Retype the material that follows exactly, limited to the lines from the one with "#غرفة_الأخبار | متابعة" through the one with "即納 Apple Watch", and keep out all pictures.

DATASET EXTRACT.
------------------------------------------------------------------------

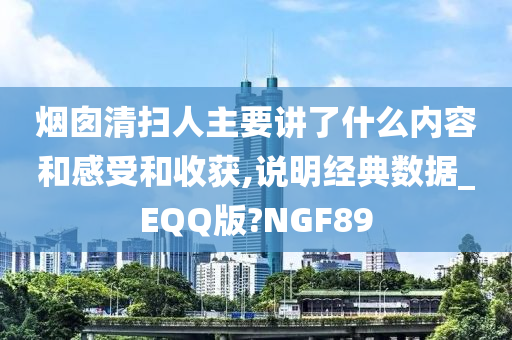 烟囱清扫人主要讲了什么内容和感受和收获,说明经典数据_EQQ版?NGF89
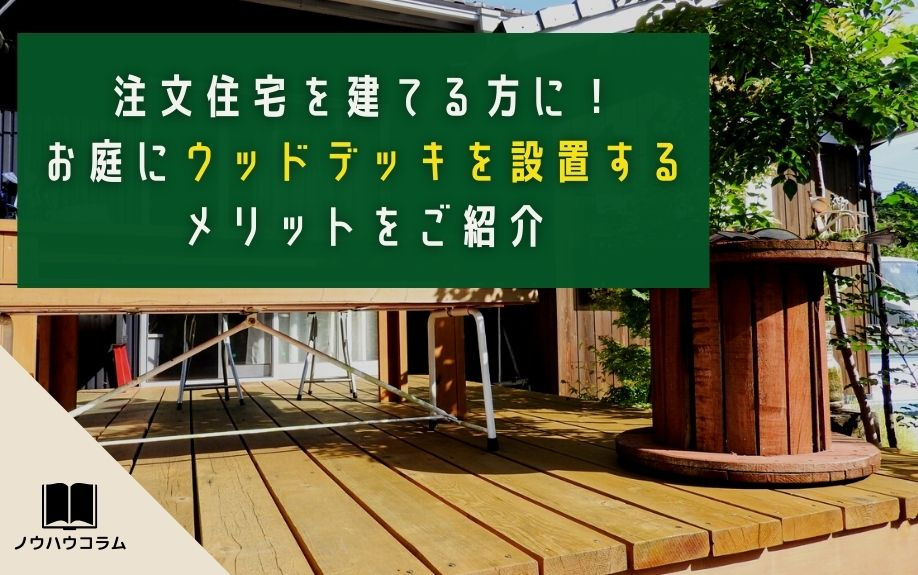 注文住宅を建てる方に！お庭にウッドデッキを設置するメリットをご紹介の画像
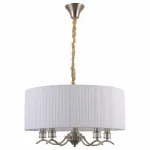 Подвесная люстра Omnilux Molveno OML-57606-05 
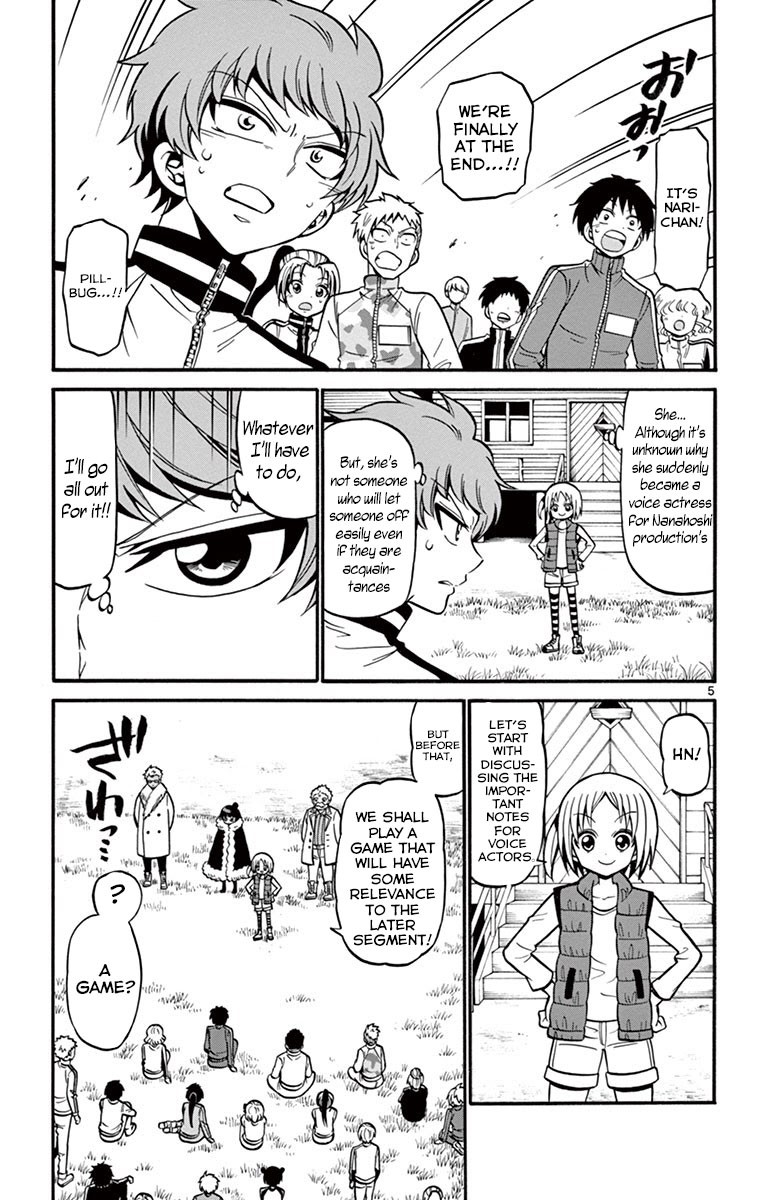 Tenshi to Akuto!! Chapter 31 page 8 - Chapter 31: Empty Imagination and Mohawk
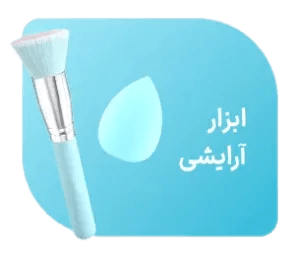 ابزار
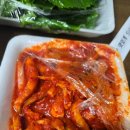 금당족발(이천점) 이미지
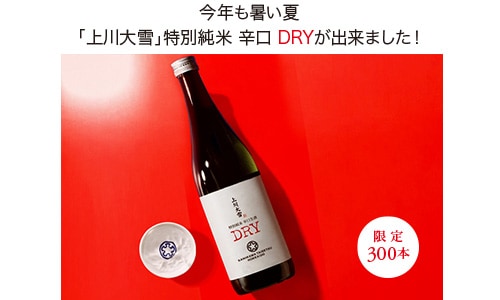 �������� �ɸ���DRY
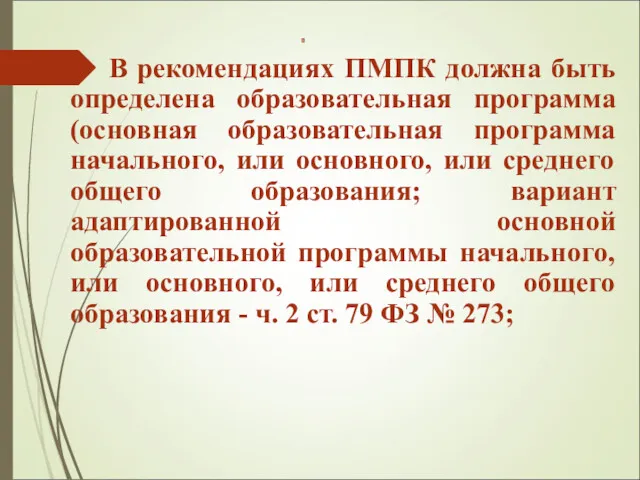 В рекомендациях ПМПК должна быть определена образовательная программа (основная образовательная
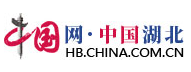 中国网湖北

------------------------------------------------------------------------

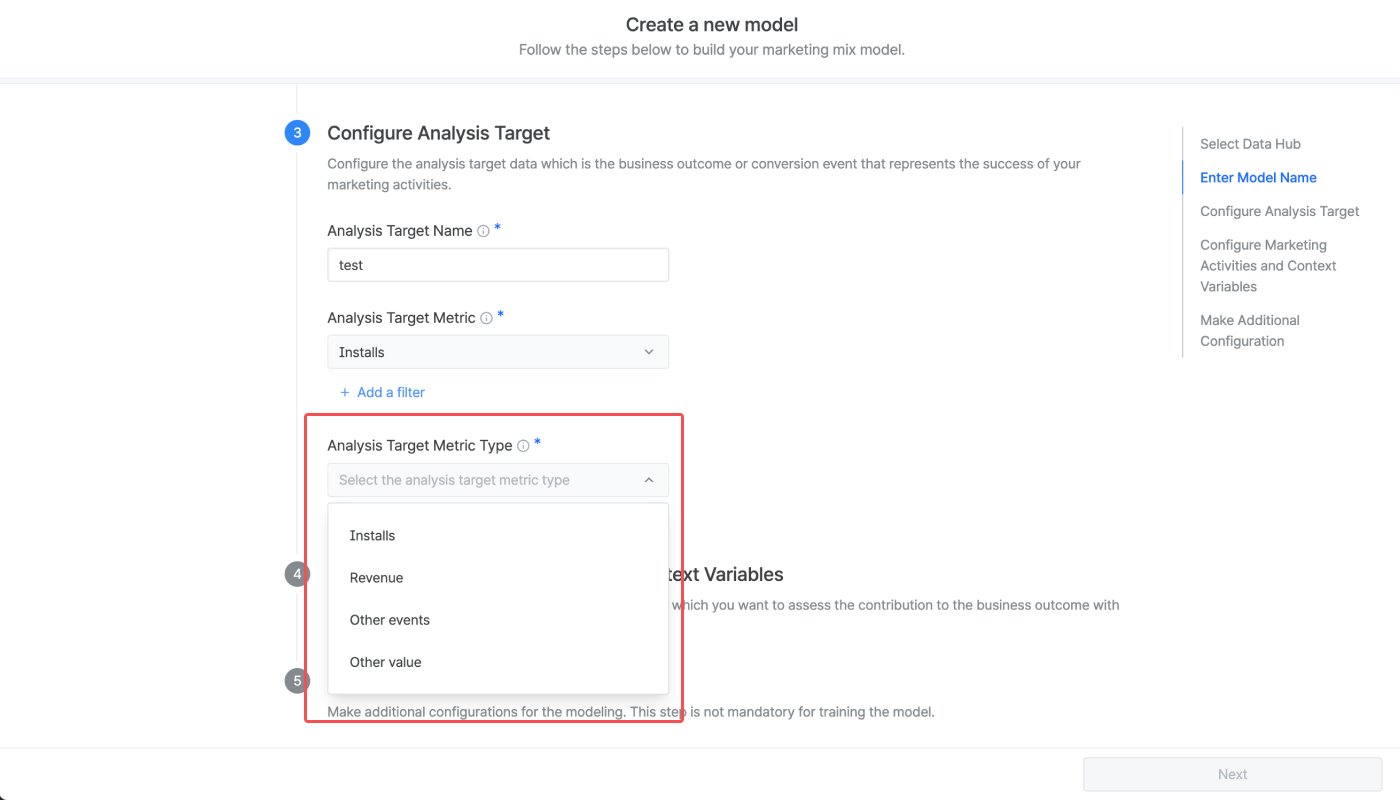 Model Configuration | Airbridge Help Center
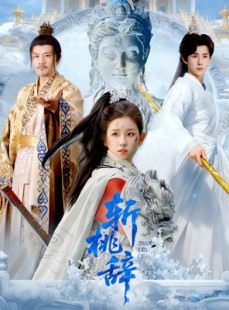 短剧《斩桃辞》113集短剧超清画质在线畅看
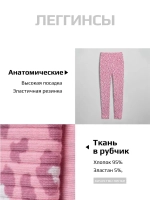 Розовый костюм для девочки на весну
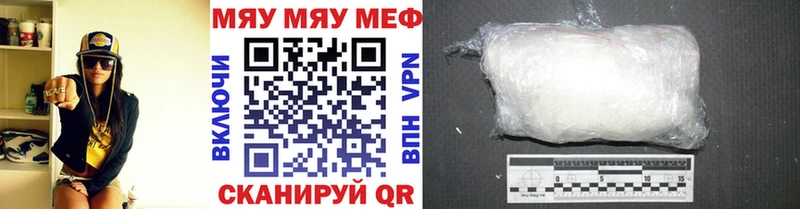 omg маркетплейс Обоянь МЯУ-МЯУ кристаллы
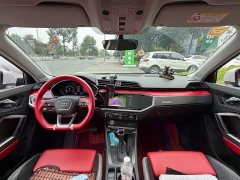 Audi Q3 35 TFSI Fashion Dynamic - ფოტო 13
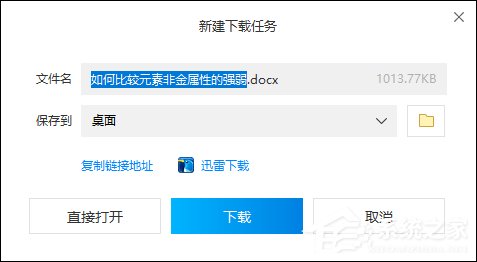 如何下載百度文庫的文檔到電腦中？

------------------------------------------------------------------------

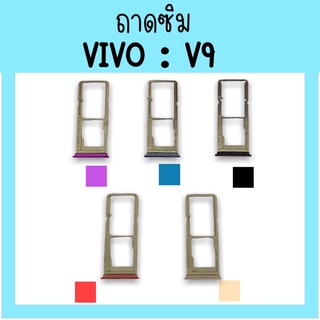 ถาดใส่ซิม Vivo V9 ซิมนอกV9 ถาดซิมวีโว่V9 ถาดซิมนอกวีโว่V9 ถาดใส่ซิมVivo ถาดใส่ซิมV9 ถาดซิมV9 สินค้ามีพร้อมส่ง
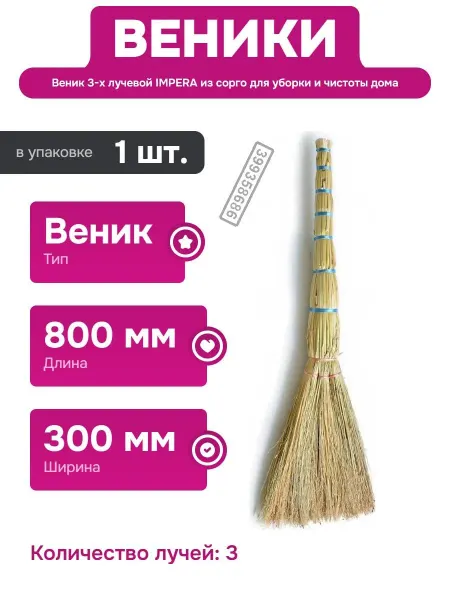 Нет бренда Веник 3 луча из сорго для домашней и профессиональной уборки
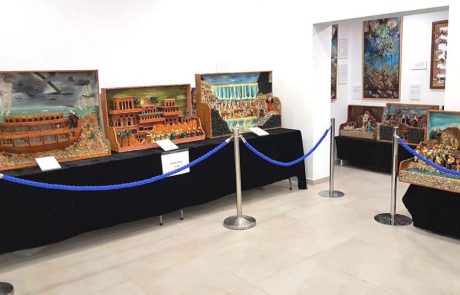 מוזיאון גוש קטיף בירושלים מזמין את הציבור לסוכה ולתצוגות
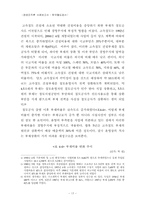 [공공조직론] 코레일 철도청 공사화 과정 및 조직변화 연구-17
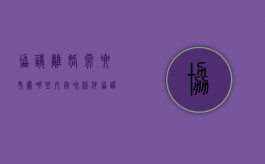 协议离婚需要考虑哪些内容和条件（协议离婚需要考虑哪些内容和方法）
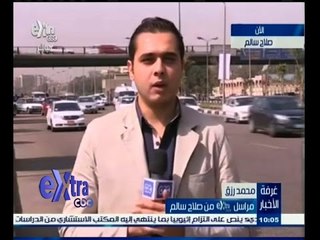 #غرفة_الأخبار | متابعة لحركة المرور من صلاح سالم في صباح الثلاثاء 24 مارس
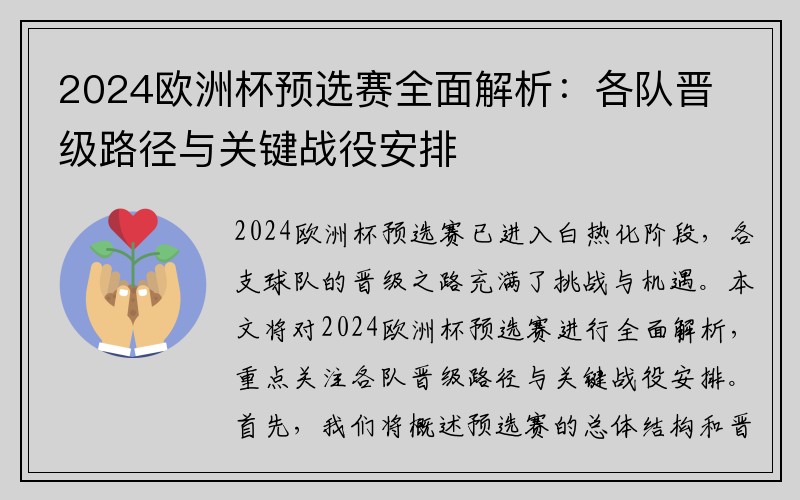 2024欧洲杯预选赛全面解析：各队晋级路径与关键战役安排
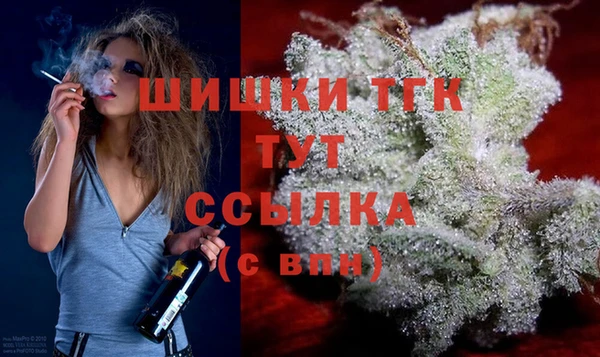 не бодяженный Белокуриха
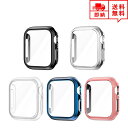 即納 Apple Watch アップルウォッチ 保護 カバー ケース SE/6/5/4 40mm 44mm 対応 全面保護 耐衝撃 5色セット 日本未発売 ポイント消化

------------------------------------------------------------------------

ANSWER BELOW.
 #غرفة_الأخبار | متابعة لحركة المرور من صلاح سالم في صباح الثلاثاء 24 مارس
 2024欧洲杯预选赛全面解析：各队晋级路径与关键战役安排
 не бодяженный Белокуриха
 即納 Apple Watch アップルウォッチ 保護 カバー ケース SE/6/5/4 40mm 44mm 対応 全面保護 耐衝撃 5色セット 日本未発売 ポイント消化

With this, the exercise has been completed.